SQLite Forum

Access Violation running FTS5 rank due to compiler over-optimization
Login

Access Violation running FTS5 rank due to compiler over-optimization

(1) By Ralf on 2020-11-27 11:58:44

Embarcadero's C++ Builder may optimize out `rc==SQLITE_OK` in this for loop: <https://www.sqlite.org/src/info?name=afe8c2394cf6de2a&ln=676>
  
This leads to an AV in the same line if `pData` is NULL. This test then crashes: <https://www.sqlite.org/src/info?name=4a15fb03b6c7eac6&ln=90-92>
  
The cause may be an over-optimization or compiler bug. It seems related to the fact that the rc variable is not used within the for loop.
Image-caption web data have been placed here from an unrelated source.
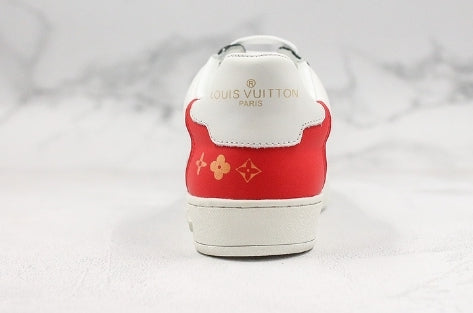 Les sneakers Louis Vuitton Low Femme représentent l’équilibre parfait entre l’élégance emblématique et l’innovation stylistique.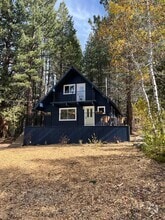 Building Photo - 2161 Pinewood Dr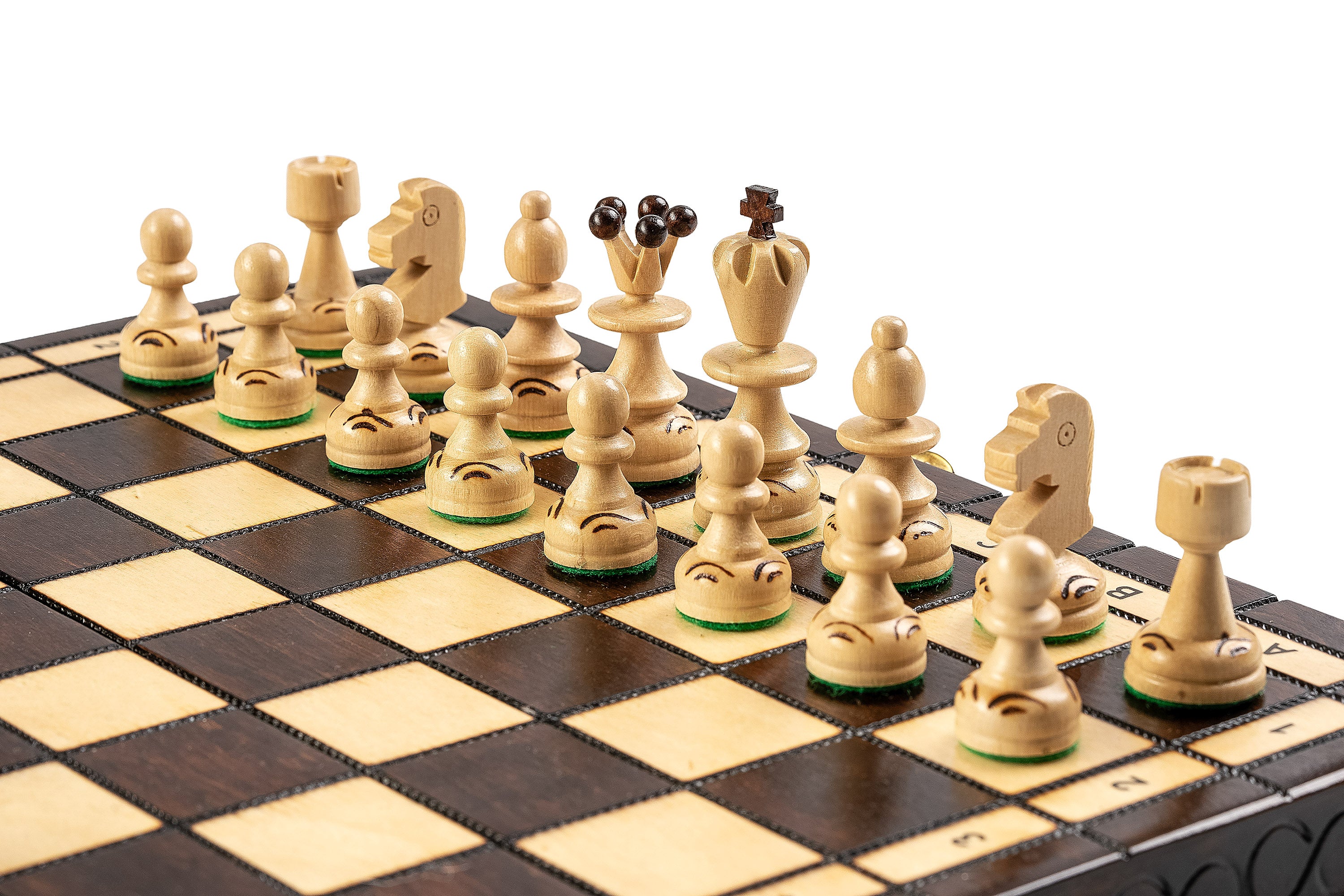 Jeu d'échecs PERLE Marron en bois de hêtre, de taille moyenne (36 x 36cm) - Ensemble Complet - Jeu d'échecs PERLE Marron en bois de hêtre, de taille moyenne (36 x 36cm) - Ensemble Complet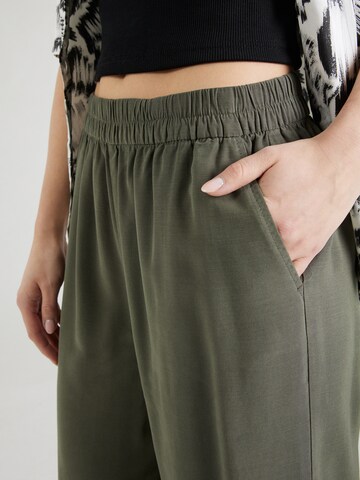 Loosefit Pantalon 'ONLARIS' ONLY en gris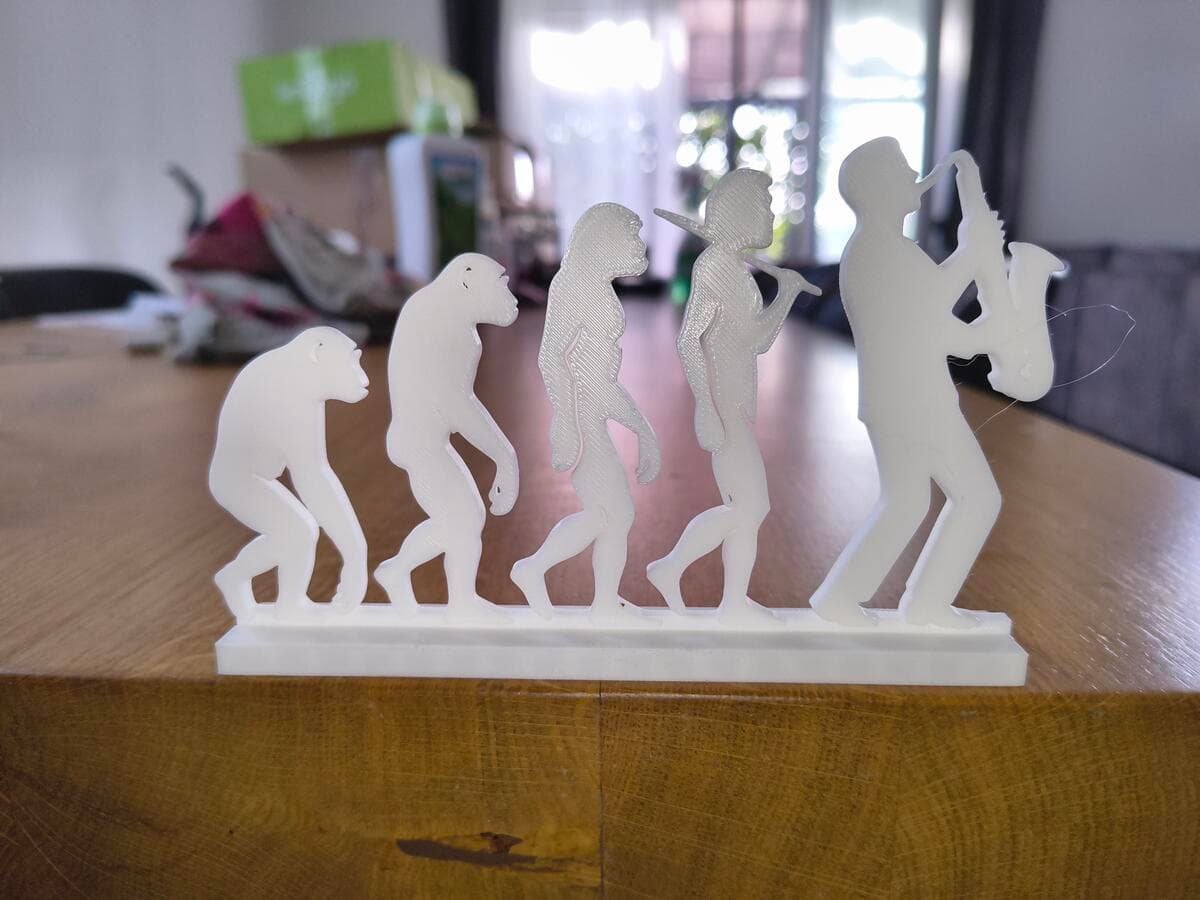 Escultura Evolução do Saxofonista vista frontal mostrando toda a progressão de silhuetas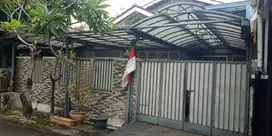 Di jual Rumah 2 Lantai Lokasi Sangat Strategis di Ciputat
This similar loop a few lines above uses rc, and `rc==SQLITE_OK` is compiled in: <https://www.sqlite.org/src/info?name=afe8c2394cf6de2a&ln=659>

It helps to move the [for loop](https://www.sqlite.org/src/info?name=afe8c2394cf6de2a&ln=675-681) into the [`if( rc==SQLITE_OK )`](https://www.sqlite.org/src/info?name=afe8c2394cf6de2a&ln=668-673) block above. This also removes one `rc==SQLITE_OK` test. Another such test may be avoided if the [test below](https://www.sqlite.org/src/info?name=afe8c2394cf6de2a&ln=683-689) is also moved there.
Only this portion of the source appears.